Dopo 24 anni l’Italia torna a giocare a Sarajevo, in un clima molto diverso dall’ultima volta, nel 1996. La Nazionale tricolore giocherà nello stadio Grbavica, cuore pulsante del conflitto della ex Jugoslavia e dove solitamente disputa le sue partite lo Zeljeznicar, squadra dove è cresciuto Edin Dzeko. 

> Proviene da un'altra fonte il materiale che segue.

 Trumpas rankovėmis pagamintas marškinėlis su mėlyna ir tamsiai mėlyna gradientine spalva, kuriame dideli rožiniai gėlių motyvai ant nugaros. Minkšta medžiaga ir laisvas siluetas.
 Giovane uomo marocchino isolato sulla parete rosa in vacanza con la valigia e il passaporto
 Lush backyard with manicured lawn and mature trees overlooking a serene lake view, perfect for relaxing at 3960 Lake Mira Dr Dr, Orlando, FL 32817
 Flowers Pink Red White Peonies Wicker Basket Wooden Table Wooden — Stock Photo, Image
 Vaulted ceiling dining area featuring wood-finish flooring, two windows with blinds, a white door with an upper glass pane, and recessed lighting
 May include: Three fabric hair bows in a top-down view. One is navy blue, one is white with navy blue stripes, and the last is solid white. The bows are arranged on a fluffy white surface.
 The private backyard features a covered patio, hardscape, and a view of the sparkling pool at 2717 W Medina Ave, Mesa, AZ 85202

Zeljeznicar, l’inizio della guerra

La storia dello Zeljeznicar è lo specchio della storia della guerra. Il tutto partì il 5 aprile 1992, quando era in programma una partita del campionato jugoslavo contro il Rad di Belgrado. Il match fu fermato a causa delle raffiche provenienti dalle colline circostanti. Lo stadio Grbavica di Sarajevo dista circa 700 metri dal confine con Istočno Sarajevo, la città gemella che fa parte della Repubblica Serba di Bosnia ed Erzegovina, la regione autonoma a maggioranza serba. Il confine tra Sarajevo e la sua vicina segnava ovviamente anche una linea del fronte. Il 4 maggio 1992 lo stadio venne incendiato dalle forze serbe e l’esercito jugoslavo. A causa delle fiamme andarono persi oltre trecento trofei. Lo stadio infatti era soprannominato Dolina Ćupova, la Valle delle Coppe.

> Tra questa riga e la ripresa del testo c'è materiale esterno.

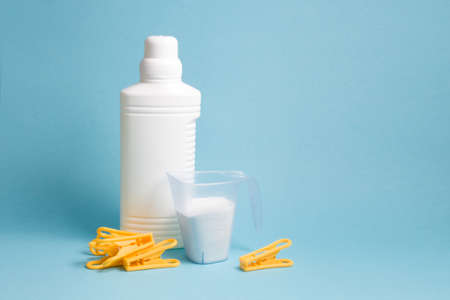 bottle with liquid gel for washing without a label and a measuring cup with washing powder, blue background copy space, washing white linen, a few yellow clothespins on the tableの写真素材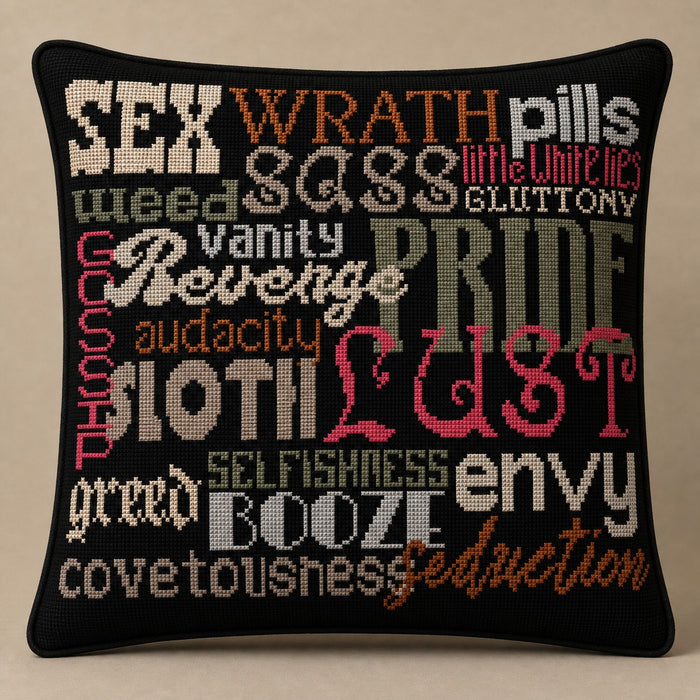 Sins black and white cross-stitch pillow kit on black canvas, studio lifestyle photo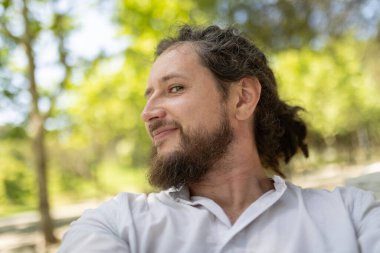 Rastgele gülümseyen sakallı adam, parkta rahatlıyor.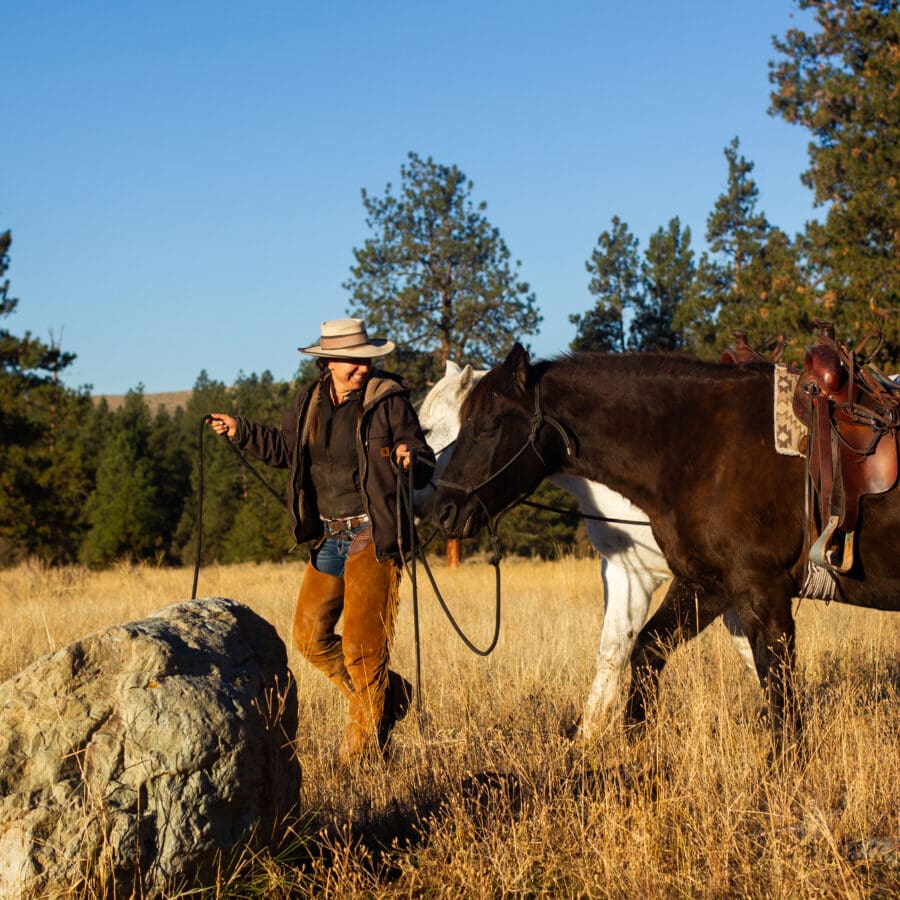 Woman leading two horses through a field.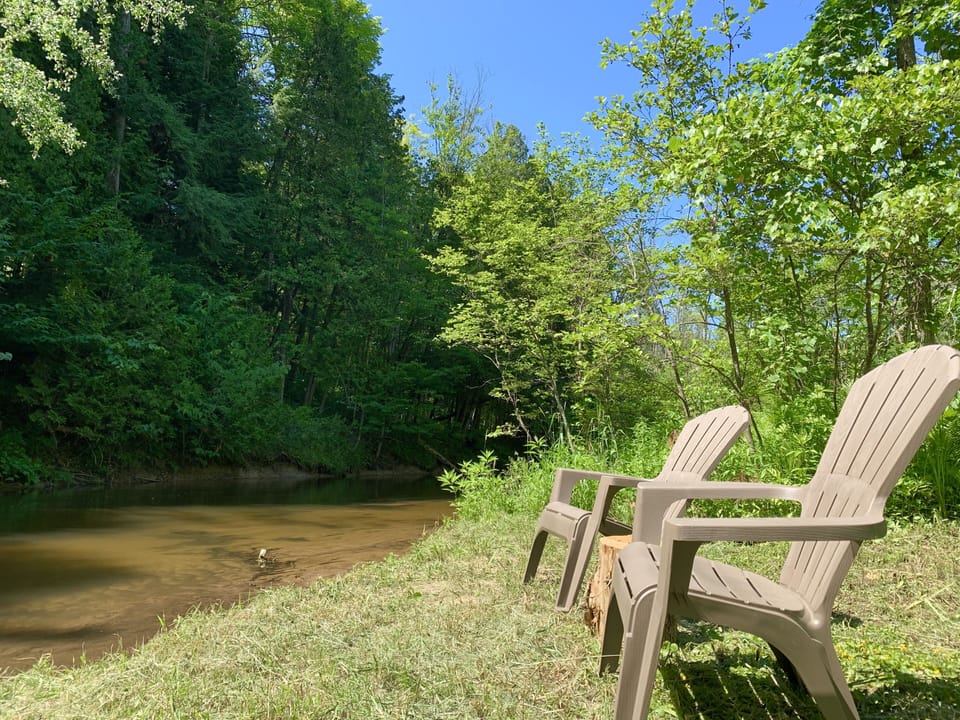 Ready to relax?  Walk right in!  600’ of river frontage on 8+ beautiful acres. 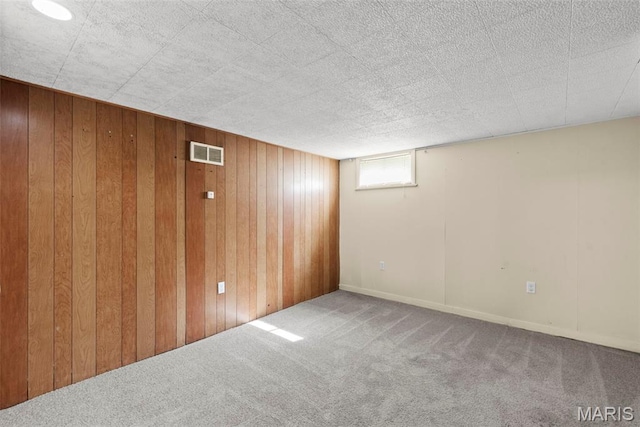 1095 Rogers Ln, Florissant, MO 63033 - below grade area featuring carpet and wooden walls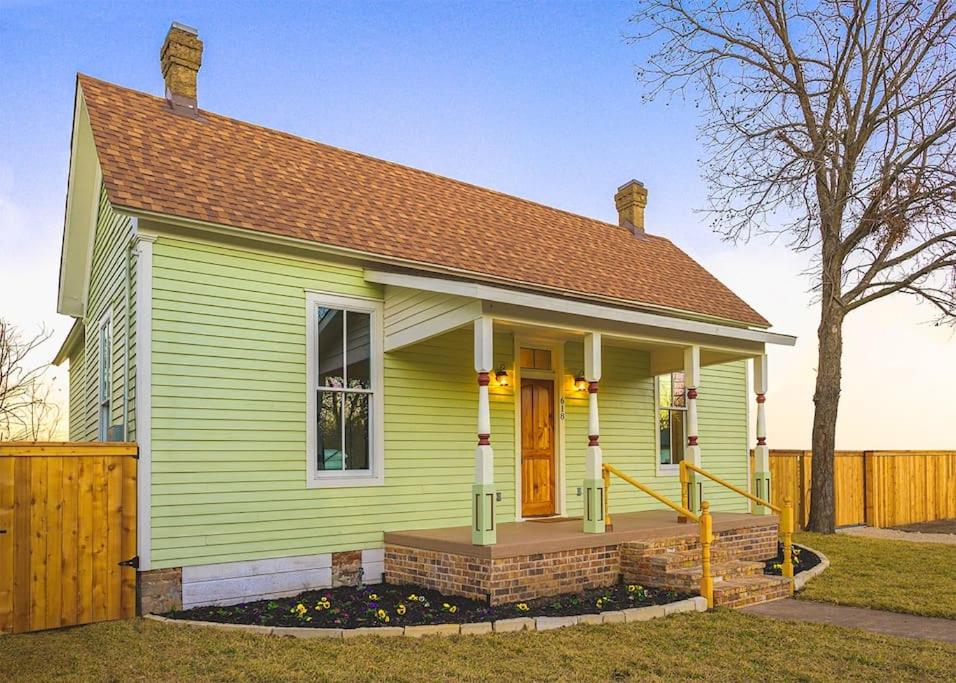 韋科的住宿－The Cahill- Magnolia Brewery House c 1894，一座绿色的小房子,设有黄色的门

La liberazione del quartiere Grbavica

Negli anni successivi calciatori e tifosi dello Zeljeznicar si unirono per difendere Sarajevo dall’assedio, durato 4 anni. Si intrecciarono storie di uomini, di eroi come Dževad Begić, che da capo ultras passò a combattere sul fronte, perdendo la vita nel tentativo di aiutare una concittadina ferita da un cecchino. Uomini come Ivica Osim, l’allenatore della squadra durante il 1985, che a Belgrado lasciò la guida della nazionale jugoslava in lacrime, ricordando a tutti cosa stava succedendo nella sua città.
Durante la guerra lo Zeljeznicar dimostrò quanto fosse prima una comunità e poi, in secondo luogo, una società di calcio. Tutti si impegnarono nella lotta alla liberazione della città e lottarono fino alla liberazione della città e del quartiere di Grbavica, da cui prende il nome lo stadio omonimo.
La guerra ha lasciato una grande impronta sul club, che nella seconda parte degli anni Novanta ha portato sul proprio stemma il simbolo dell’esercito della Repubblica di Bosnia-Erzegovina.

La nascita, la resistenza e la rivalità con il FK Sarajevo

Lo Zeljeznicar nacque club aperto a tutti. Fu fondato nel 1921 da un gruppo di ferrovieri. Al tempo, ogni associazione sia sportiva che non sportiva, doveva indicare nel proprio nome l’appartenenza etnica dei suoi componenti. I ferrovieri presero la decisione che il loro nuovo club sarebbe stato aperto a tutti, indipendentemente dall’appartenenza nazionale, religiosa o sociale. Un po’ come l’Inter, nata da una costola del Milan i cui fondatori si posero l’obiettivo di essere “fratelli del mondo”.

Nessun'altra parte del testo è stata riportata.